GDPR: the emergence of a global standard on privacy?
We are still far from seeing one global standard across all markets and this raises a number of challenges for companies.
Share this post
In May 2018, the EU’s General Data Protection Regulation (GDPR) required companies to make major changes to the way they collect and process consumer data.
Since then, new (and revised) privacy laws have been emerging in many countries across the world including in Brazil, China and Chile. Many of these laws are evidently inspired by GDPR, pointing to a trend towards a ‘GDPR standard’ emerging globally.
However, the picture is not that simple. Although some laws borrow heavily from GDPR, in many countries significant differences remain.
WFA's Global Privacy Map available in the here
In Brazil, for instance, the privacy law is very similar to GDPR, mirroring the EU regulation in key areas such as transparency, consent, legal bases, definition of personal data and DPOs. And at a recent WFA event in Malaysia, the Minister of Communications announced the government’s plans to review and update Malaysia’s privacy law to be more in line with GDPR.
The recent law passed in California, on the other hand, appears to focus more on the buying and selling of personal data than the GDPR’s broader approach which encompasses all processing of personal data. And the California law only requires an opt out for consumers, rather than GDPR’s stricter ‘specific, informed, unambiguous and freely-given’ consent.
So, although many countries are looking to GDPR for inspiration as they develop (and revise) national privacy rules, the regulatory landscape remains fragmented.
We are still far from seeing one global standard emerging across all markets. This raises a number of challenges for companies. Closely tracking and analysing the development of privacy rules across different countries will be crucial in order to understand what kind of common trends seem to be emerging but also, importantly, how they differ. This will have a major impact on compliance approaches across markets. Can you take a global approach or does the fragmented regulatory landscape require a more local strategy?
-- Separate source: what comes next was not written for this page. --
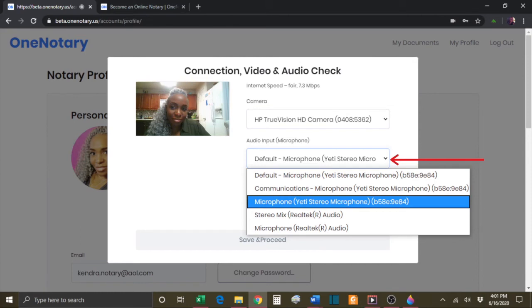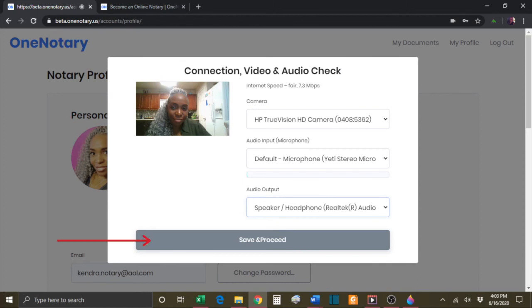Then on your audio output, you'll need to select the correct item. If you are using a headset, make sure that you are selecting the speakers for the headset. If you're not using a headset, make sure that you select the speakers for your computer.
Where are there common trends across all markets which can be implemented globally (e.g. data subject rights)?
Over the next few months, WFA will be running a series of webinars, such as the recent one on Brazil’s new privacy law, and developing resources to help global companies address some of these challenges. Starting with WFA’s Global Privacy Map, which aims to identify and track some of the privacy trends emerging across a number of key markets for advertisers and how they compare to the ‘GDPR standard’.